There’s not much cheer in housing these days, unless you’re a buyer with a fair amount of cash. Otherwise, the depressed state of residential real estate rolls on. Today’s update on building permits and new housing starts doesn’t change much, although with each month it’s becoming clearer that the bleeding has stopped. There’s also the usual bit of volatility on a monthly basis, and sometimes that dispatches a bit of good news. But it doesn’t mean much when you look at the big picture for this market. A recovery worthy of the name is still nowhere in sight.
New building permits dropped more than 10% last month vs. December, the Census Bureau reports today. Meanwhile, new housing starts jumped 14.6% in January. But the monthly data should be used primarily for amusement at this point. As everyone knows, the housing market fell off a cliff a few years back and hasn’t been able to climb back up.
A picture’s worth a thousand words in that regard, as the chart below reminds. It’s going too far to say that housing has reached a permanently lower plateau, but few analysts are making bold claims that this market’s set to rebound sharply in the near term.
The good news, so to speak, is that housing has at least found a plateau. It’s one at greatly diminished levels, of course, but that’s certainly preferable to rapidly collapsing levels. But any cheer on that front is quickly muted once you realize that treading water will probably be with us for some time. There are any number of reasons why that’s a reasonable guess of the foreseeable future, and more reasons for erring on the side of caution continue to roll in.
The latest obstacle for housing is the news that “the down payments demanded by banks to buy homes have ballooned since the housing bust, forcing many people to rethink what they can afford and potentially shrinking the pool of eligible buyers.” According to the story from today’s Wall Street Journal, “Higher borrowing costs and heftier down payments could send housing prices falling further.”
If so, there’s one more reason for thinking that any revival in housing is a ways off. “Housing activity is going to remain at depressed levels this year,” opines Ellen Zentner, a senior macro economist at Bank of Tokyo-Mitsubishi UFJ Ltd. in New York, via Bloomberg. “We’ve got home prices that have taken another leg down and will probably stay down through midyear.”

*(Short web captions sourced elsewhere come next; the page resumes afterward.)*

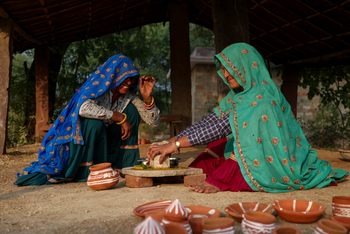 TUTC Sawai Shivir: Kunsthandwerkerinnen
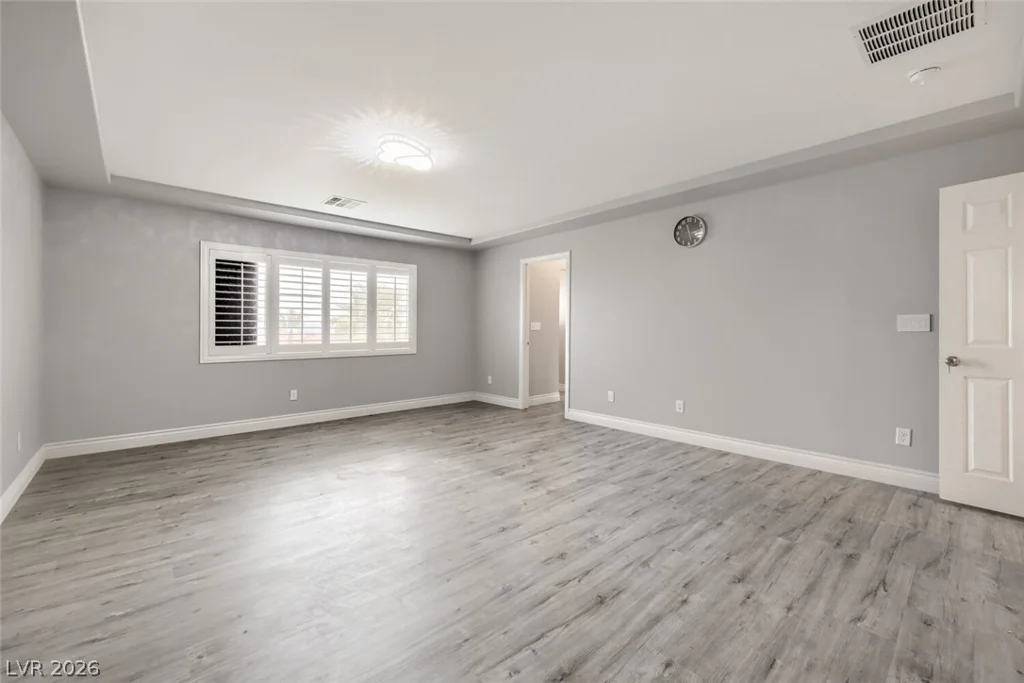 8200 Duncan Peak, Las Vegas, NV 89139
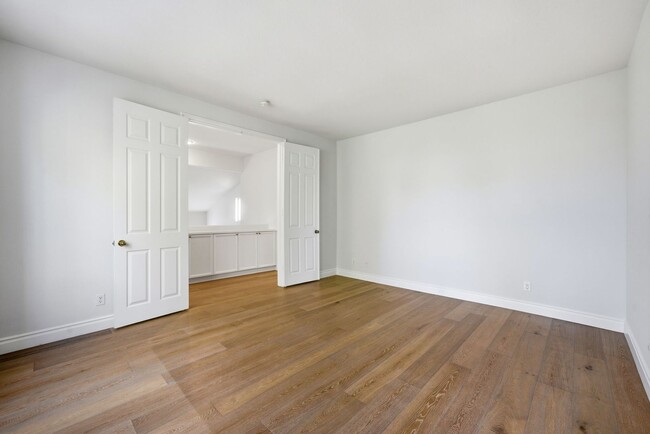 Building Photo - Beautiful 3 Bedroom 2.5 Bath Single Family...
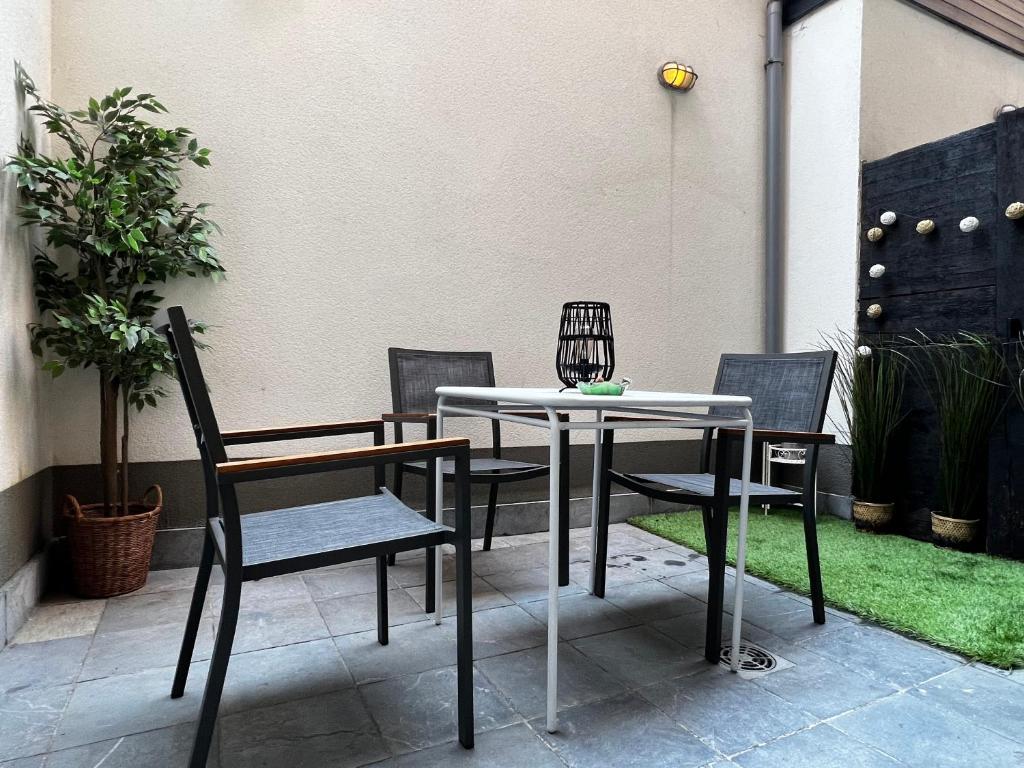 Modern cozy studio with backyard room 2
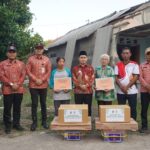 Bupati Albarra Serahkan Bantuan Material dan Sembako untuk Korban Angin Ribut di Mojokerto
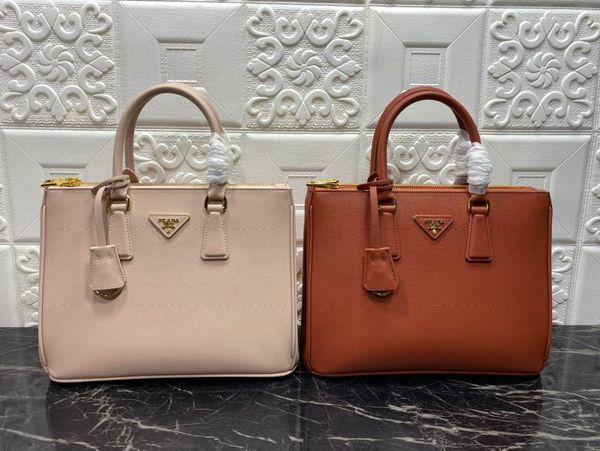 2020 leather handbag designer shoulder bag luxury handbag fashion briefcase diagonal luxury handbag casual leather material ad
2020 leather handbag designer shoulder bag luxury handbag fashion briefcase diagonal luxury handbag casual leather material ad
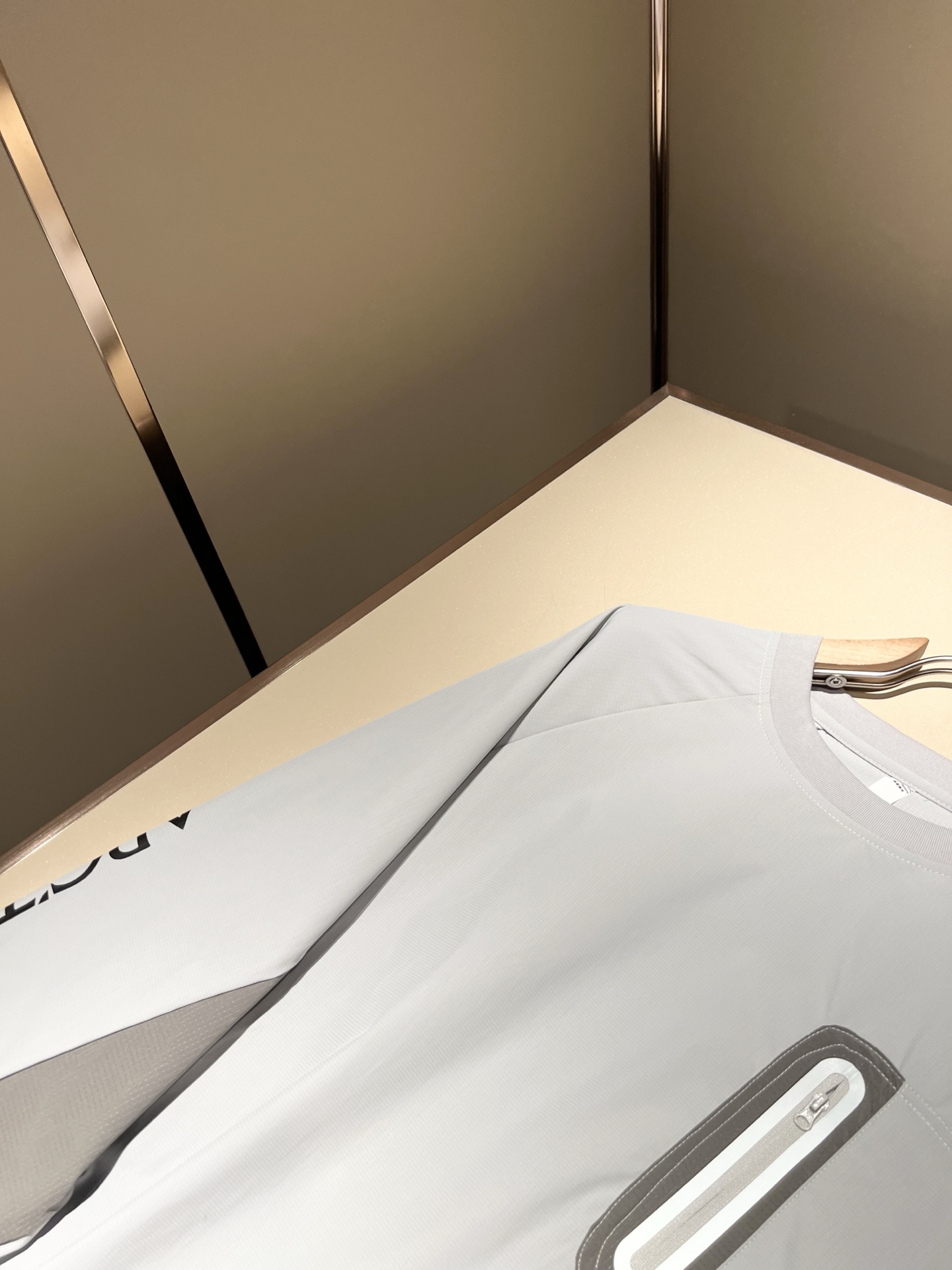 ARCTER*X始*祖鸟 2025秋冬新款男女同款👫休闲卫衣，户外品牌可能大家第一想到的就是加拿大鹅、始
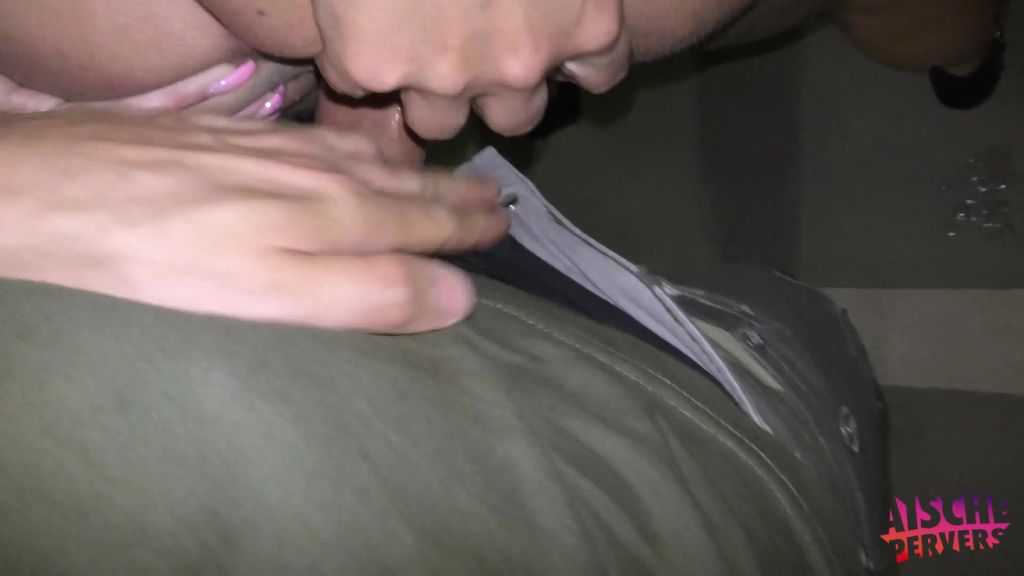 sexy foto nr. 5 von Chilliger Abend endet in Arschfick, Sperma und Pissorgie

So far, the weak housing market hasn’t derailed the rebound in the overall economy. Job creation is still weak, but a broad measure of the macro trend has taken wing in recent months. The question is whether the ongoing slump in housing will eventually infect the economy’s recent gains. The risk looks fairly low if housing stabilizes, which it seems to be doing. But another leg down in prices and activity would be more than slightly hazardous at this late date.